» Records provided:
________________________

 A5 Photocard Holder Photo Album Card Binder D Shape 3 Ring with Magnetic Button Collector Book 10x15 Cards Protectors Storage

________________________

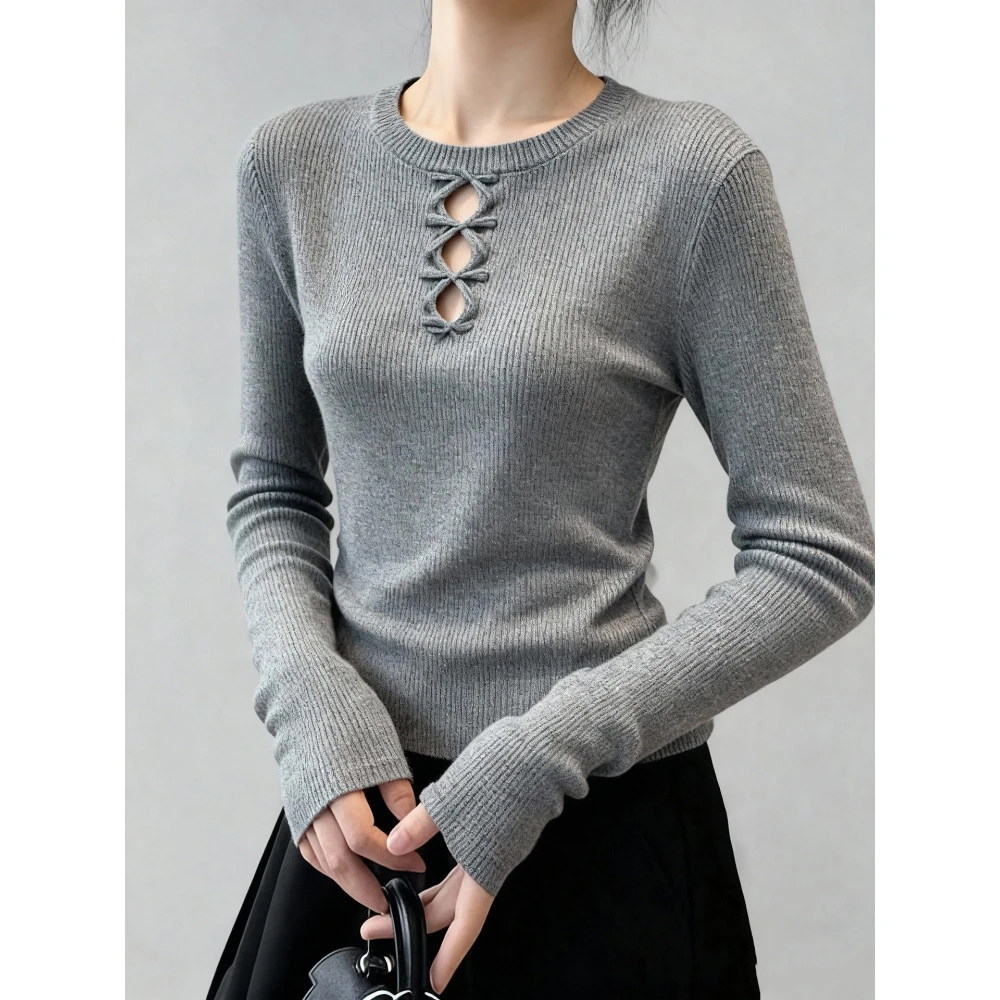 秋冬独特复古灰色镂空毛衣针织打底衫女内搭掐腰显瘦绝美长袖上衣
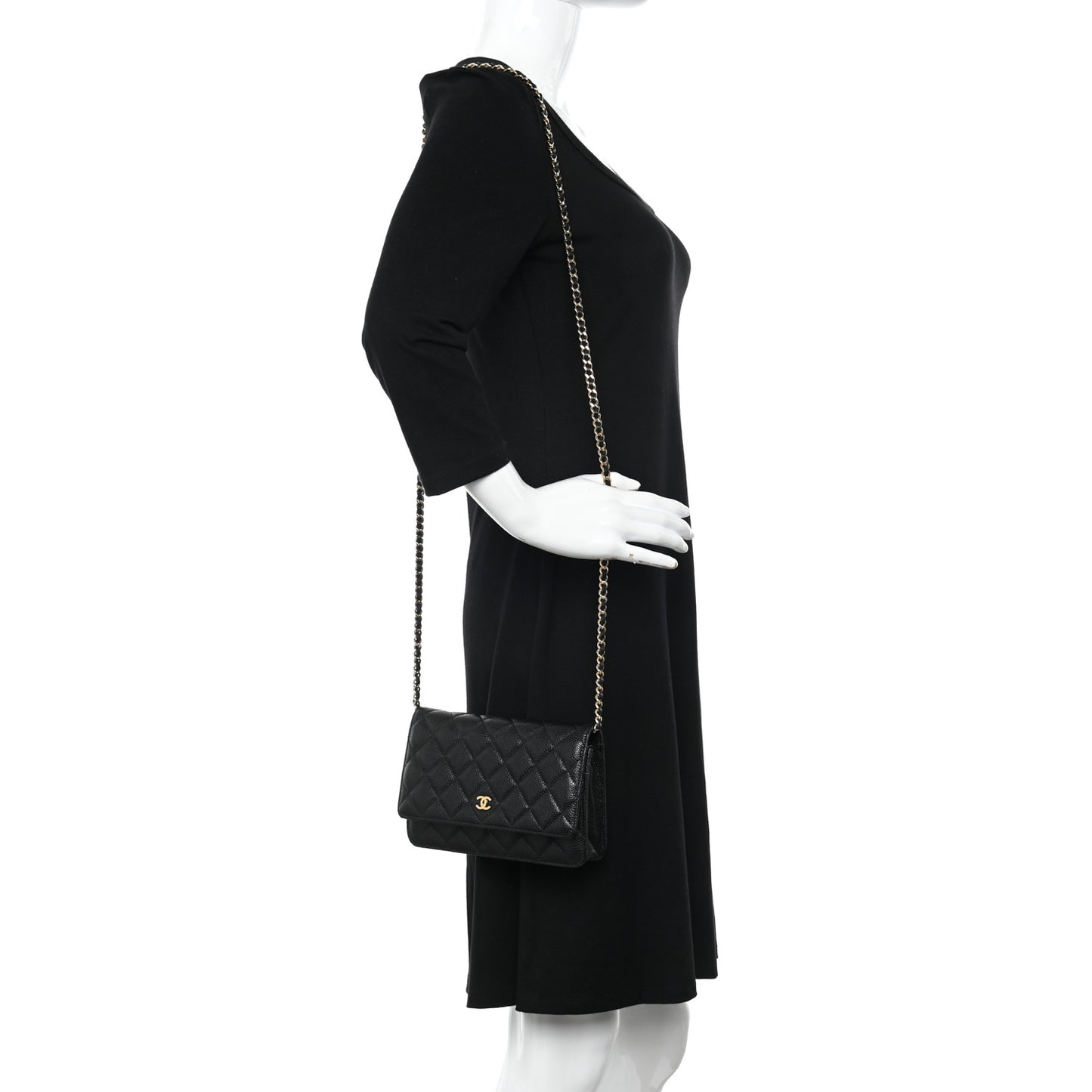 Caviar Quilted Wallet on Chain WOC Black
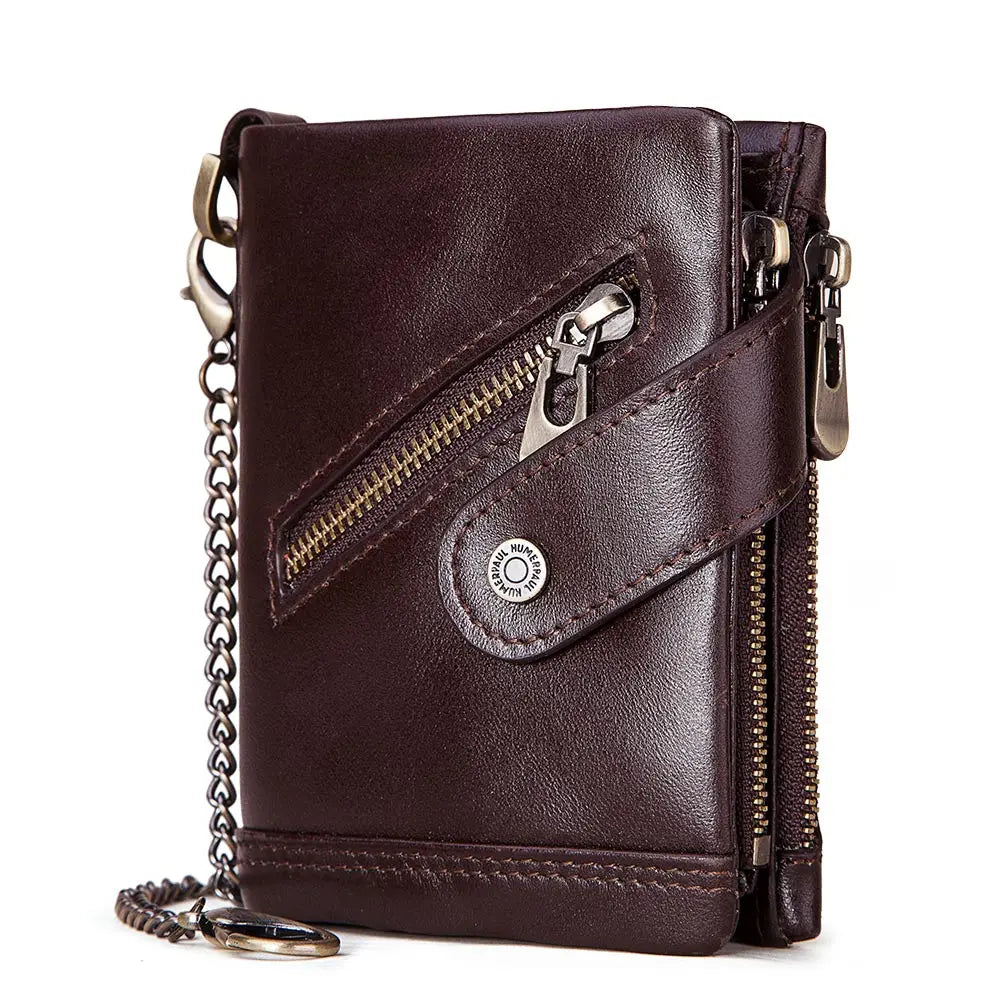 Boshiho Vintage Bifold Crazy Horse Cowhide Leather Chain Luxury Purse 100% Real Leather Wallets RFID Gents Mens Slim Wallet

________________________

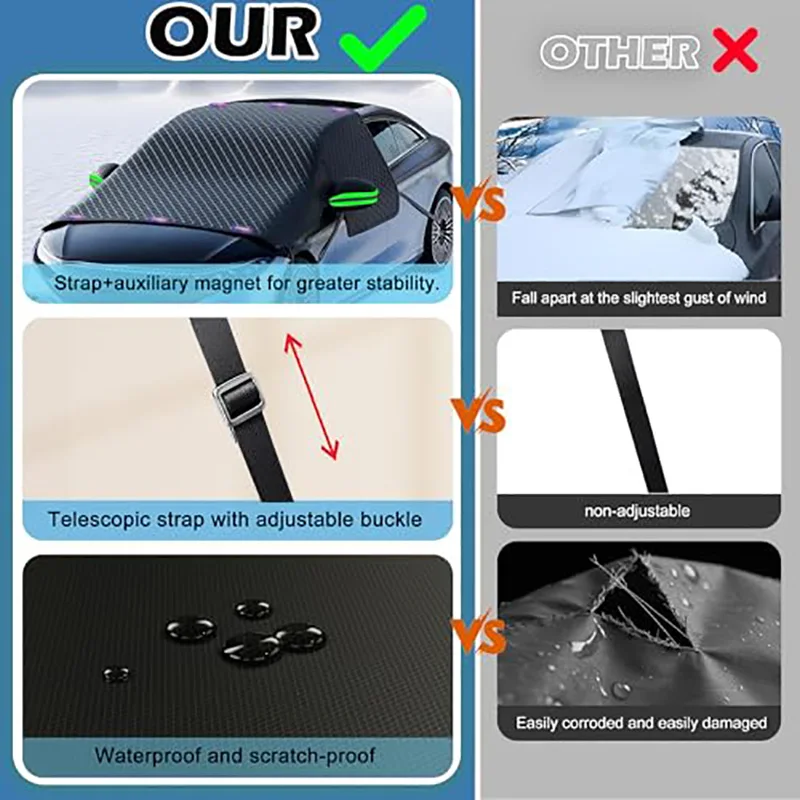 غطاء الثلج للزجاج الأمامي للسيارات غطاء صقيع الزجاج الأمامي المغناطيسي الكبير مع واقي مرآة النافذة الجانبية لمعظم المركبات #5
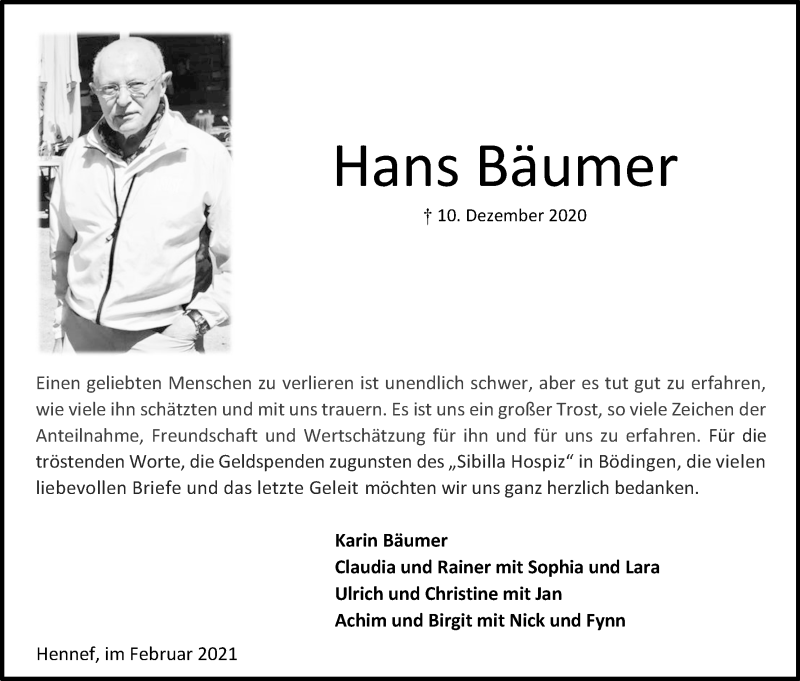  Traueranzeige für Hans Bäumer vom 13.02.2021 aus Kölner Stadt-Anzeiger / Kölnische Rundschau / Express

________________________

» Exercise directions: Without the pictures, set down the lines above from the line with "秋冬独特复古灰色镂空毛衣针织打底衫女内搭掐腰显瘦绝美长袖上衣" up to and including the line with "Boshiho Vintage Bifold" exactly as they stand.

» Solution to this problem:
 秋冬独特复古灰色镂空毛衣针织打底衫女内搭掐腰显瘦绝美长袖上衣
 Caviar Quilted Wallet on Chain WOC Black
 Boshiho Vintage Bifold Crazy Horse Cowhide Leather Chain Luxury Purse 100% Real Leather Wallets RFID Gents Mens Slim Wallet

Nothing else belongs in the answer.